Investisseurs « Malraux », « Pinel », « Scellier », « Robien »…, votre logement est-il bien occupé à titre de résidence principale par votre locataire ?
Conclure un bail à usage de résidence principale n’est pas suffisant, il convient de vous assurer de l’usage effectif qui en est fait.
LA LOCATION EFFECTIVE A USAGE D’HABITATION PRINCIPALE DU LOCATAIRE : UNE APPRECIATION OBJECTIVE DU RESPECT DE CETTE CONDITION
Rappel de vos obligations
L’avantage fiscal, contrepartie de votre effort d’investissement, est subordonné à l’engagement de location nue à usage de résidence principale du locataire dont la durée varie en fonction du dispositif.
Cette location doit généralement prendre effet dans les douze mois (moins dans certains cas) qui suivent la date d’achèvement de l’immeuble.

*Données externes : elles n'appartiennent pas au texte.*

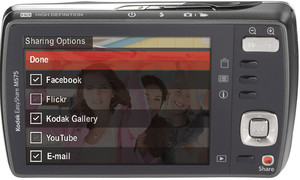 Kodak M575 back view and LCD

Elle doit être effective et continue et doit dès lors être respectée non seulement au moment de la première location, mais également tout au long de la période d’engagement.

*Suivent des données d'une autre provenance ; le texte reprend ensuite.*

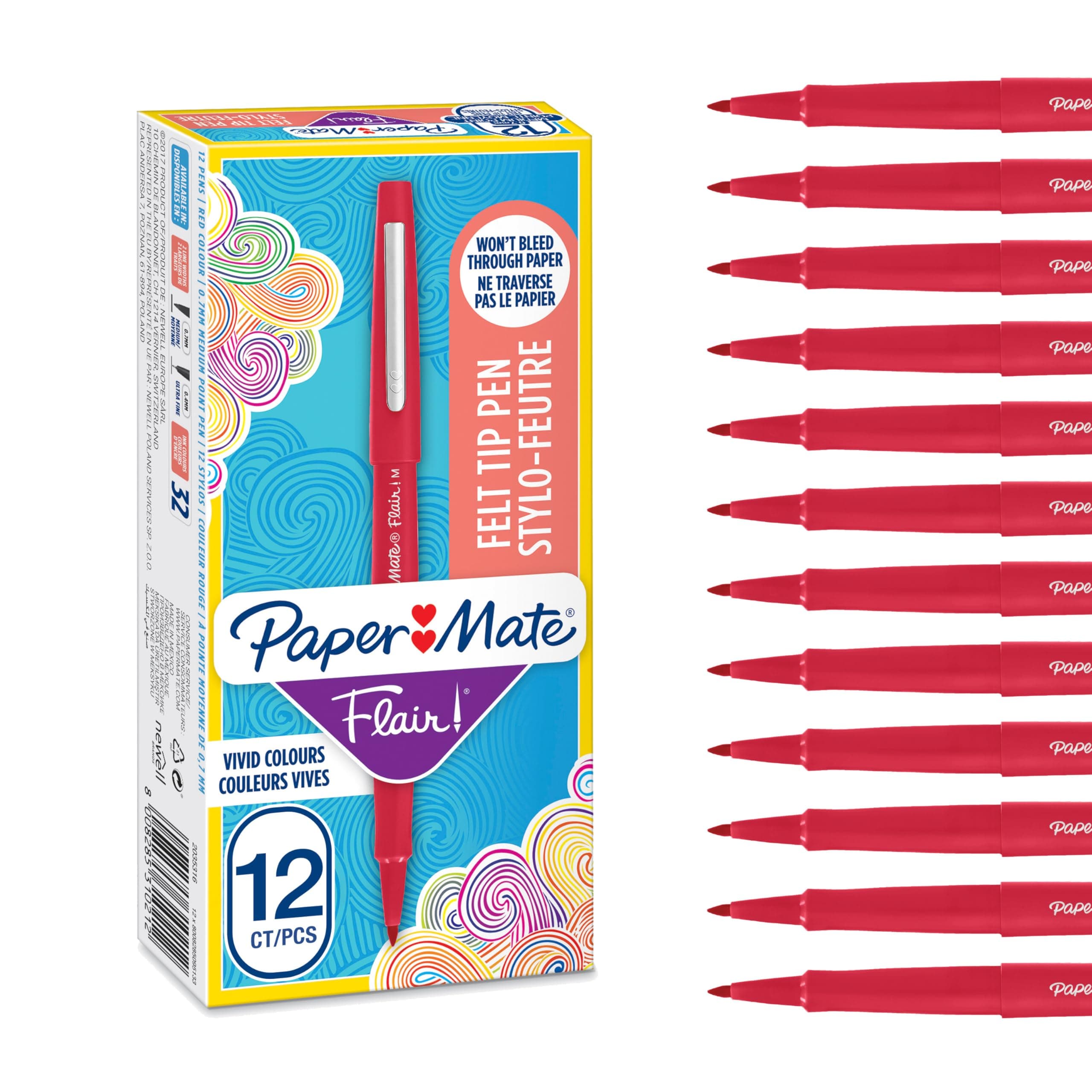 Paper Mate Flair Felt Tip Pens | Medium Point (0.7 mm) Marker Pens | Red Pens | For WritingMarkingDrawing & Sketching | 12 Count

Précisions jurisprudentielles
Dans un arrêt rendu en date du 31 août 2017(1), la cour administrative d’appel de Lyon reprend l’interprétation du Conseil d’Etat(2) selon laquelle il convient d‘apprécier le respect de la condition de location à usage d’habitation principale du locataire de manière objective.

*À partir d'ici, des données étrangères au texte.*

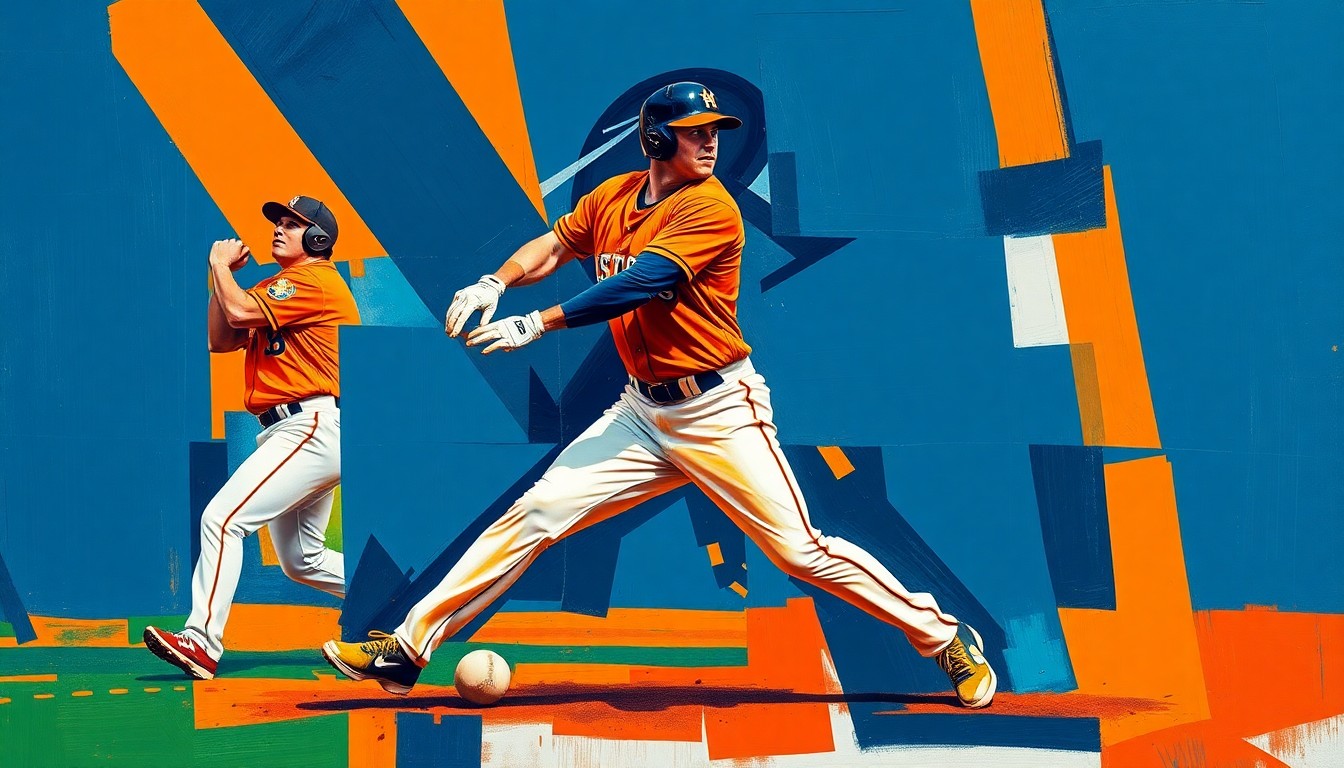 A cubist, multi-perspective painting in navy blue, orange, and white, breaking down a baseball player's movements on the field into sharp, overlapping geometric shapes, conveying the fragility and complexity of a seemingly minor injury.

Peu-importe pour les juges que le propriétaire n’ait pas commis de faute ou de négligence, le simple fait que cette condition ne soit pas respectée suffit pour la remise en cause de l’avantage fiscal obtenu.
Bien que ces arrêts aient été rendus dans le cadre du dispositif de Robien, cette jurisprudence s’appliquerait certainement de la même manière aux dispositifs fiscaux « Malraux », « Pinel », « Scellier » …
BONNE FOI NE SUFFISANT PAS, QUE FAIRE ALORS POUR NE PAS SUBIR ?
S’assurer de l’occupation à titre de résidence principale par votre locataire
Le bénéfice des dispositifs fiscaux précités, ou a minima du dispositif de Robien, suppose donc un usage effectif de résidence principale par le locataire du bien tout au long de la location.
Dès lors, assurez-vous avant tout d’ériger le respect de cet usage en condition essentielle de votre bail. Insérez-y par exemple une clause spécifique prévoyant, compte tenu de vos obligations fiscales et sous peine de résiliation du bail et d’une demande de réparation,
- d’une part l’obligation pour le locataire d’en faire sa résidence principale,
- d’autre part celle de vous en attester annuellement et d’en justifier au moyen par exemple de sa déclaration d’impôt.
Cela vous permettra de pouvoir justifier de la résiliation pour remédier à la situation et potentiellement d’ouvrir droit à réparation.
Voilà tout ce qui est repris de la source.